**Your objective**
Transcribe each entry so that nothing differs from the original.

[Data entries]
---

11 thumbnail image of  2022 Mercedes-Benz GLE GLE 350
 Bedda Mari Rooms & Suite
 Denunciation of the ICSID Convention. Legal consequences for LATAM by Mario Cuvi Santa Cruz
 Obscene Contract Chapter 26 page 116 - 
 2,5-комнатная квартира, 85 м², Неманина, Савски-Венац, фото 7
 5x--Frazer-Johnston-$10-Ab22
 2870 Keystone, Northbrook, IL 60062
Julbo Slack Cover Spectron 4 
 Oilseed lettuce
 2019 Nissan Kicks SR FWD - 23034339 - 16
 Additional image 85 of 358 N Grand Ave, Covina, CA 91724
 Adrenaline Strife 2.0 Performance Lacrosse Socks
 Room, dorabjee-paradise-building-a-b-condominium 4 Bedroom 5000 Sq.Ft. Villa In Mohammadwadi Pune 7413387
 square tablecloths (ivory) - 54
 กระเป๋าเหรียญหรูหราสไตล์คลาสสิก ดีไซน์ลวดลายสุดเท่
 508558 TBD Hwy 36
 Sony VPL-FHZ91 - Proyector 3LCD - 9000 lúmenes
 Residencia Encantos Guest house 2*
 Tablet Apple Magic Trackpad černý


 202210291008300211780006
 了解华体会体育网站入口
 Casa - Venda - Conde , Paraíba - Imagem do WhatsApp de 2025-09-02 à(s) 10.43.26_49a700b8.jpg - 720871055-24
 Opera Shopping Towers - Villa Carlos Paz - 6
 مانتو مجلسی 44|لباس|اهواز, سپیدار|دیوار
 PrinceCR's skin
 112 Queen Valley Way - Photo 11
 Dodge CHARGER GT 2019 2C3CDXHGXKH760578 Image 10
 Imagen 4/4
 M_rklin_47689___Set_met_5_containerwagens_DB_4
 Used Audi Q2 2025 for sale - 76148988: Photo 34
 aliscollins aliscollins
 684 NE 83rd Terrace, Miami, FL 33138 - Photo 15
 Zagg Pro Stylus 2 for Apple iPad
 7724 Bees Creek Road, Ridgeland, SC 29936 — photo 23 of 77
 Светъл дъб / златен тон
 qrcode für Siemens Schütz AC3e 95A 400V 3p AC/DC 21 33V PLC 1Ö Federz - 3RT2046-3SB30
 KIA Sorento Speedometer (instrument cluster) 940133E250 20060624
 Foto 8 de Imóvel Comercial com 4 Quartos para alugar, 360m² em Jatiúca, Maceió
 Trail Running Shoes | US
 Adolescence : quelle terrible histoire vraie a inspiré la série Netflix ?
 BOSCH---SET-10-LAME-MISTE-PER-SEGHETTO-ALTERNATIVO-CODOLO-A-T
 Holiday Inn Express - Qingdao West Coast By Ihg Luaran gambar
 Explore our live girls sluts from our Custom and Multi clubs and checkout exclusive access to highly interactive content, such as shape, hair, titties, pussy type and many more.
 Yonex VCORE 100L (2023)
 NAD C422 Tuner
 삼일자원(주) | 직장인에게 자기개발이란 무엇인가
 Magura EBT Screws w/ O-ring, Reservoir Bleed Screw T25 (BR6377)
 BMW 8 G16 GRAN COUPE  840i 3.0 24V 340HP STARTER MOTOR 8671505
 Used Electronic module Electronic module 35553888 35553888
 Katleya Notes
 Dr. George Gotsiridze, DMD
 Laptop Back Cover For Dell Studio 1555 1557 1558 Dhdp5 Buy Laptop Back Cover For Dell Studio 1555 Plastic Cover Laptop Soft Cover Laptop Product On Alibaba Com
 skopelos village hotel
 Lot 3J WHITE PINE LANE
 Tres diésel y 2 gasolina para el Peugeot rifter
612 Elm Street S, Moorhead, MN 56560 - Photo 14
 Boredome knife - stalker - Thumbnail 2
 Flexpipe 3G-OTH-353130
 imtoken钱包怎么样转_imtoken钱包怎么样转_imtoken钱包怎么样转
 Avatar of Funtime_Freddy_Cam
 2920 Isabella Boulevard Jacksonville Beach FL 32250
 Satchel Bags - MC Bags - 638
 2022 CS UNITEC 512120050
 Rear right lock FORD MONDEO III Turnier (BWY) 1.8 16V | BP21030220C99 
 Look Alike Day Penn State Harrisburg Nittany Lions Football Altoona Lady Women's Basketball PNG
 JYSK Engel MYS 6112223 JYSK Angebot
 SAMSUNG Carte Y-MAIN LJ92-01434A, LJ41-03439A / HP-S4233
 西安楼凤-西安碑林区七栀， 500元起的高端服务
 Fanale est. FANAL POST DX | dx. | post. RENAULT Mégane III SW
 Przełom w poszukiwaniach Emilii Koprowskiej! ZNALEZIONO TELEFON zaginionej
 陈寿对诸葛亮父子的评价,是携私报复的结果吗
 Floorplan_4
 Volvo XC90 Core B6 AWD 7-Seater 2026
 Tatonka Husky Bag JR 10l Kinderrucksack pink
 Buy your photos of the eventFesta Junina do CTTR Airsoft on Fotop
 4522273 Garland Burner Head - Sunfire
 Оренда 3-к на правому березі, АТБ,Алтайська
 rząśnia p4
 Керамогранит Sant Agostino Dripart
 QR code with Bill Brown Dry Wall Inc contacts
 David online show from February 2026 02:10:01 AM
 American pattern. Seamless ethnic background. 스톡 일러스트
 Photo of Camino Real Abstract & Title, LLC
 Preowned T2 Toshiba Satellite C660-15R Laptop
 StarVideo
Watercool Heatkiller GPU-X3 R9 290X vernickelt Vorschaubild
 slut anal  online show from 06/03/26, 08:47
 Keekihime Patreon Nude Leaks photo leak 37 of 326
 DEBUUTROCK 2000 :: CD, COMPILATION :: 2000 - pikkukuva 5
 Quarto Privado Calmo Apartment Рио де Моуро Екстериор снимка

---

**Result of the task**
11 thumbnail image of  2022 Mercedes-Benz GLE GLE 350
 Bedda Mari Rooms & Suite
 Denunciation of the ICSID Convention. Legal consequences for LATAM by Mario Cuvi Santa Cruz
 Obscene Contract Chapter 26 page 116 - 
 2,5-комнатная квартира, 85 м², Неманина, Савски-Венац, фото 7
 5x--Frazer-Johnston-$10-Ab22
 2870 Keystone, Northbrook, IL 60062
Julbo Slack Cover Spectron 4 
 Oilseed lettuce
 2019 Nissan Kicks SR FWD - 23034339 - 16
 Additional image 85 of 358 N Grand Ave, Covina, CA 91724
 Adrenaline Strife 2.0 Performance Lacrosse Socks
 Room, dorabjee-paradise-building-a-b-condominium 4 Bedroom 5000 Sq.Ft. Villa In Mohammadwadi Pune 7413387
 square tablecloths (ivory) - 54
 กระเป๋าเหรียญหรูหราสไตล์คลาสสิก ดีไซน์ลวดลายสุดเท่
 508558 TBD Hwy 36
 Sony VPL-FHZ91 - Proyector 3LCD - 9000 lúmenes
 Residencia Encantos Guest house 2*
 Tablet Apple Magic Trackpad černý


 202210291008300211780006
 了解华体会体育网站入口
 Casa - Venda - Conde , Paraíba - Imagem do WhatsApp de 2025-09-02 à(s) 10.43.26_49a700b8.jpg - 720871055-24
 Opera Shopping Towers - Villa Carlos Paz - 6
 مانتو مجلسی 44|لباس|اهواز, سپیدار|دیوار
 PrinceCR's skin
 112 Queen Valley Way - Photo 11
 Dodge CHARGER GT 2019 2C3CDXHGXKH760578 Image 10
 Imagen 4/4
 M_rklin_47689___Set_met_5_containerwagens_DB_4
 Used Audi Q2 2025 for sale - 76148988: Photo 34
 aliscollins aliscollins
 684 NE 83rd Terrace, Miami, FL 33138 - Photo 15
 Zagg Pro Stylus 2 for Apple iPad
 7724 Bees Creek Road, Ridgeland, SC 29936 — photo 23 of 77
 Светъл дъб / златен тон
 qrcode für Siemens Schütz AC3e 95A 400V 3p AC/DC 21 33V PLC 1Ö Federz - 3RT2046-3SB30
 KIA Sorento Speedometer (instrument cluster) 940133E250 20060624
 Foto 8 de Imóvel Comercial com 4 Quartos para alugar, 360m² em Jatiúca, Maceió
 Trail Running Shoes | US
 Adolescence : quelle terrible histoire vraie a inspiré la série Netflix ?
 BOSCH---SET-10-LAME-MISTE-PER-SEGHETTO-ALTERNATIVO-CODOLO-A-T
 Holiday Inn Express - Qingdao West Coast By Ihg Luaran gambar
 Explore our live girls sluts from our Custom and Multi clubs and checkout exclusive access to highly interactive content, such as shape, hair, titties, pussy type and many more.
 Yonex VCORE 100L (2023)
 NAD C422 Tuner
 삼일자원(주) | 직장인에게 자기개발이란 무엇인가
 Magura EBT Screws w/ O-ring, Reservoir Bleed Screw T25 (BR6377)
 BMW 8 G16 GRAN COUPE  840i 3.0 24V 340HP STARTER MOTOR 8671505
 Used Electronic module Electronic module 35553888 35553888
 Katleya Notes
 Dr. George Gotsiridze, DMD
 Laptop Back Cover For Dell Studio 1555 1557 1558 Dhdp5 Buy Laptop Back Cover For Dell Studio 1555 Plastic Cover Laptop Soft Cover Laptop Product On Alibaba Com
 skopelos village hotel
 Lot 3J WHITE PINE LANE
 Tres diésel y 2 gasolina para el Peugeot rifter
612 Elm Street S, Moorhead, MN 56560 - Photo 14
 Boredome knife - stalker - Thumbnail 2
 Flexpipe 3G-OTH-353130
 imtoken钱包怎么样转_imtoken钱包怎么样转_imtoken钱包怎么样转
 Avatar of Funtime_Freddy_Cam
 2920 Isabella Boulevard Jacksonville Beach FL 32250
 Satchel Bags - MC Bags - 638
 2022 CS UNITEC 512120050
 Rear right lock FORD MONDEO III Turnier (BWY) 1.8 16V | BP21030220C99 
 Look Alike Day Penn State Harrisburg Nittany Lions Football Altoona Lady Women's Basketball PNG
 JYSK Engel MYS 6112223 JYSK Angebot
 SAMSUNG Carte Y-MAIN LJ92-01434A, LJ41-03439A / HP-S4233
 西安楼凤-西安碑林区七栀， 500元起的高端服务
 Fanale est. FANAL POST DX | dx. | post. RENAULT Mégane III SW
 Przełom w poszukiwaniach Emilii Koprowskiej! ZNALEZIONO TELEFON zaginionej
 陈寿对诸葛亮父子的评价,是携私报复的结果吗
 Floorplan_4
 Volvo XC90 Core B6 AWD 7-Seater 2026
 Tatonka Husky Bag JR 10l Kinderrucksack pink
 Buy your photos of the eventFesta Junina do CTTR Airsoft on Fotop
 4522273 Garland Burner Head - Sunfire
 Оренда 3-к на правому березі, АТБ,Алтайська
 rząśnia p4
 Керамогранит Sant Agostino Dripart
 QR code with Bill Brown Dry Wall Inc contacts
 David online show from February 2026 02:10:01 AM
 American pattern. Seamless ethnic background. 스톡 일러스트
 Photo of Camino Real Abstract & Title, LLC
 Preowned T2 Toshiba Satellite C660-15R Laptop
 StarVideo
Watercool Heatkiller GPU-X3 R9 290X vernickelt Vorschaubild
 slut anal  online show from 06/03/26, 08:47
 Keekihime Patreon Nude Leaks photo leak 37 of 326
 DEBUUTROCK 2000 :: CD, COMPILATION :: 2000 - pikkukuva 5
 Quarto Privado Calmo Apartment Рио де Моуро Екстериор снимка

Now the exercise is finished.